Denver Therapist Jeannie Lee Discusses Conflict
Creatively Approaching Conflict - Tip
Turn Down the Impact
(Notice that this is about the PROBLEM, not the other person. If the two (or more) who are in conflict can do this together it will be all that much more effective. Realizing that the two of you are on the same team, put the problem out in front of you and then proceed.)
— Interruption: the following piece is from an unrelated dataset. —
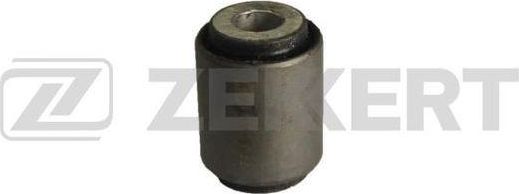 Сайлентблок заднего рычага подвески Zekkert. Артикул GM-5122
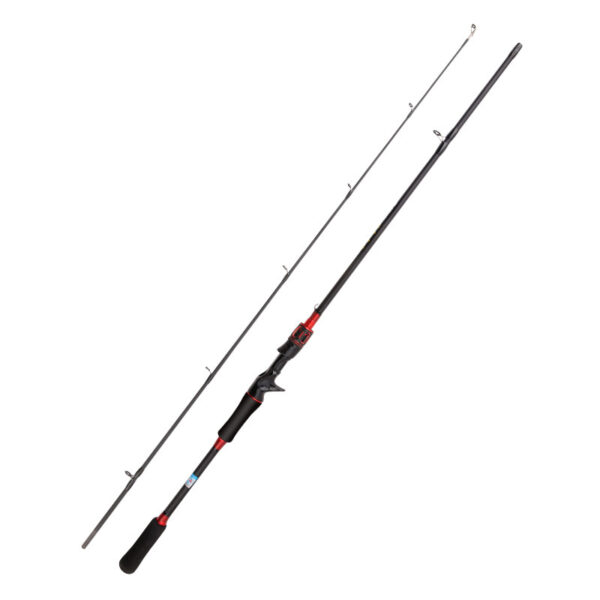 Carbon Luya Long-range Fishing Rod - Image 7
Imagine that the problem you are having has a sound. Maybe it's a siren. Maybe it's clanging cymbals. Maybe it's scratchy static. Maybe it's like a child screaming. How loud is it? If it's a particularly pesky problem it's probably pretty loud. Hear it. Let it have volume equal to how obnoxious you feel it is.
Try this:
In your mind's eye find a volume knob. Maybe it looks like a radio knob. Maybe it's a big dial you turn with both hands. Maybe it there are buttons with up and down arrows. Begin to turn down the volume. Notice the sound getting quieter and quieter until it fades completely away. Perhaps the screaming child is pitching a fit with no volume at all, completely mute; or the cymbals continue to clash in complete silence. You see movement but no sound.
Now what?What do you want to do now that the noise is turned down and you can think? Read the paper? Hug your partner? Go for a run? Paint a picture? What else?
Notice:
What is different now? How does this quieter place affect the conflict? What's possible in the quiet?
If two of you are looking at it together, what is it like to be on the same team as you look at the problem over there?
Extra Credit: You can find knobs to turn down the movement until it is absolutely still. You can also turn down the lighting until it is completely dark making the whole scene disappear completely. Know that you can crank it up at any time that you like and that you also have control over turning it down and making it go away! You choose.